What this task involves: Could you write out, word for word, each line from the one containing "529 5th Avenue E, Shakopee, MN 55379" to the last line of the data below, both included and nothing more?

[Stored entries]
+++++

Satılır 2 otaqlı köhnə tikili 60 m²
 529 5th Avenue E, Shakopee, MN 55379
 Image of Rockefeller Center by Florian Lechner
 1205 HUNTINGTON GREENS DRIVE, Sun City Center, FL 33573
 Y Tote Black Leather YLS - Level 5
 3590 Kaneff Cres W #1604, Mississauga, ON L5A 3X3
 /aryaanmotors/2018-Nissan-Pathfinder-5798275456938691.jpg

+++++

Solution to the exercise:
 529 5th Avenue E, Shakopee, MN 55379
 Image of Rockefeller Center by Florian Lechner
 1205 HUNTINGTON GREENS DRIVE, Sun City Center, FL 33573
 Y Tote Black Leather YLS - Level 5
 3590 Kaneff Cres W #1604, Mississauga, ON L5A 3X3
 /aryaanmotors/2018-Nissan-Pathfinder-5798275456938691.jpg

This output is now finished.